Optimization of Nitrogen Application and Root Biomass Modulates 2-Acetyl-1-Pyrroline Biosynthesis in Fragrant Rice.

The rice root system mediates nutrient uptake while adapting to tillage, management, and environmental changes. While optimized nitrogen (N) supply is known to enhance 2-acetyl-1-pyrroline (2-AP) biosynthesis in fragrant rice, the underlying mechanisms linking nitrogen availability, root development, and their combined effects on physiological processes and aroma formation remain unclear.

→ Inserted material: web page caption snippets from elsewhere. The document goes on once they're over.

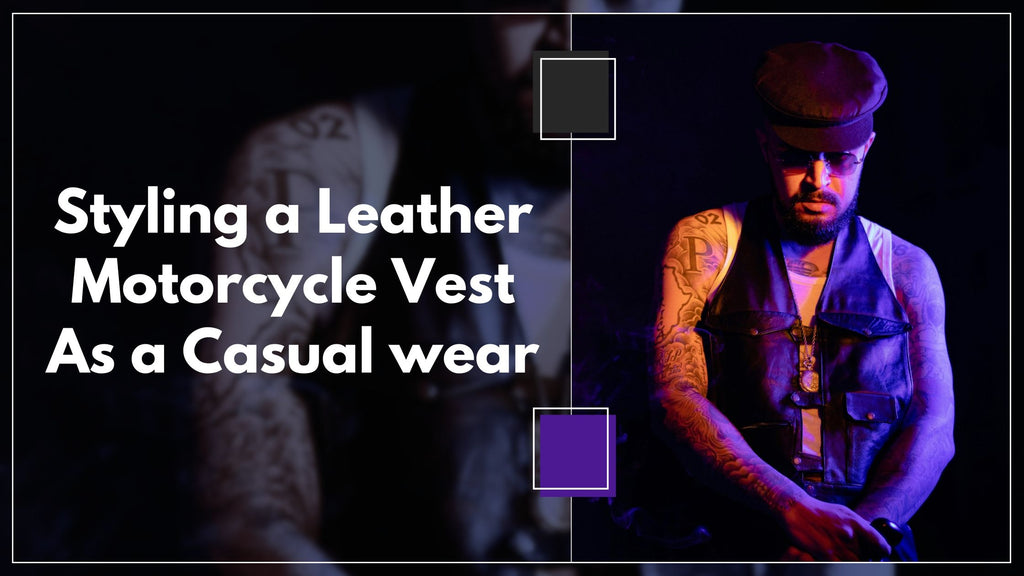 Styling a Leather Motorcycle Vest As a Casual wear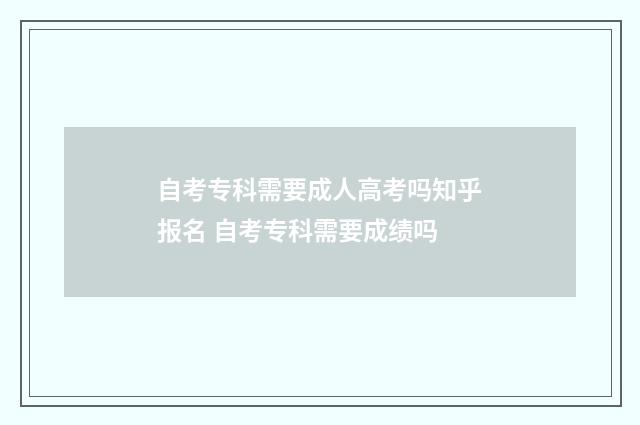 自考专科需要成人高考吗知乎报名 自考专科需要成绩吗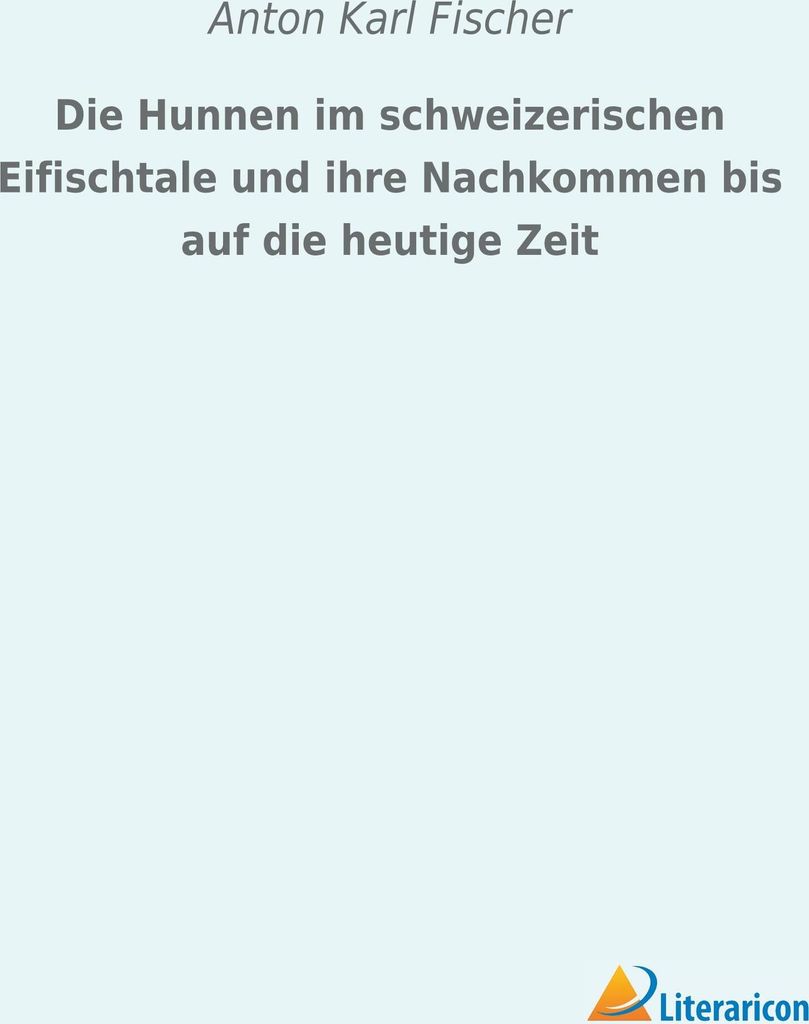 Die Hunnen im schweizerischen Eifischtale und ihre Nachkommen bis auf die heutige Zeit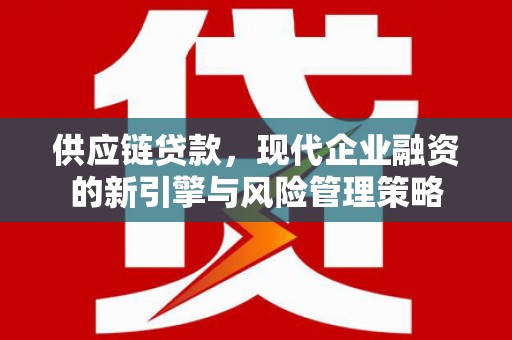 叶县供应链贷款，现代企业融资的新引擎与风险管理策略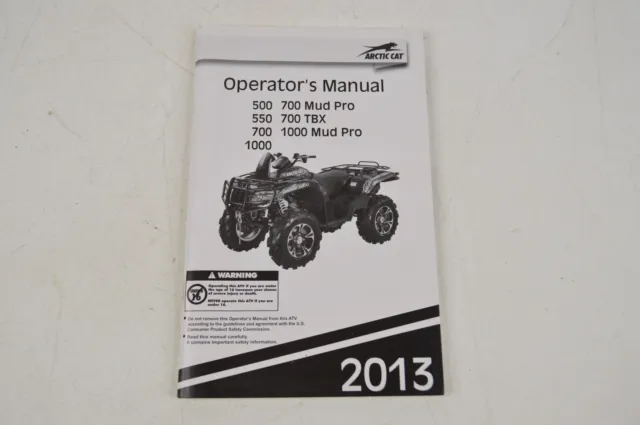 2013 Arctic Cat 500 550 700 1000 Mud ATV Owners Manual Specs Maintenance Book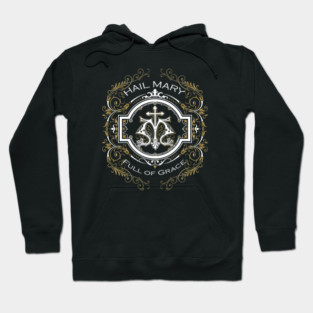 Hail Mary Full of Grace Our Blessed Mother Mary Rosary Hoodie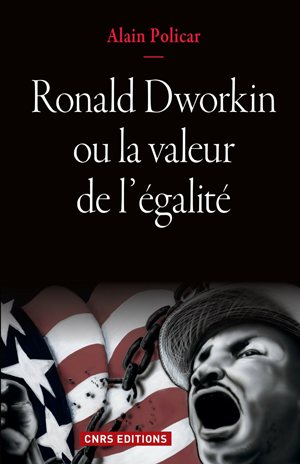 Ronald Dworkin ou la valeur de l’égalité | Policar, Alain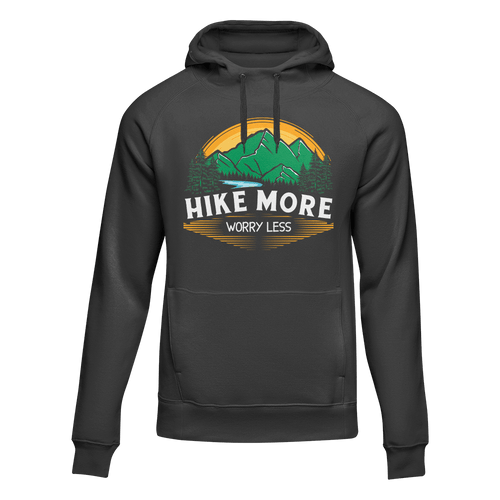 Hike More Worry Less Adult Fleece Hooded Sweatshirt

To address this knowledge gap, we conducted a pot experiment employing two fragrant rice cultivars (Huahangxiangyinzhen and Qingxiangyou19xiang) under three nitrogen regimes (0, 1.5, and 3.0 g N pot^-1, recorded as LN, MN, and HN, respectively), and the root zone was isolated by enclosing it in a specialized bag to set contrasting root growth conditions (root-restricted and root-unrestricted, recorded as RR and UR, respectively). The results showed that root restriction increased the average 2-AP content by 22.90% despite reducing root biomass by approximately 50%, compared to unrestricted roots. Under nitrogen-containing treatments, root-restricted and root-unrestricted rice showed, respectively, an average 6.43% and 5.23% higher 2-AP content compared to nitrogen-free treatment. The structural equation modeling analysis illustrated that nitrogen metabolism physiology and photosynthetic physiology directly or indirectly significantly affected the accumulation of 2-AP. Random forest analysis further revealed that physiological changes at maturation substantially contributed to 2-AP synthesis. Therefore, this study advances the theoretical understanding of how nutrient assimilation processes and root morphology interact to modulate 2-AP biosynthesis in scented rice cultivars.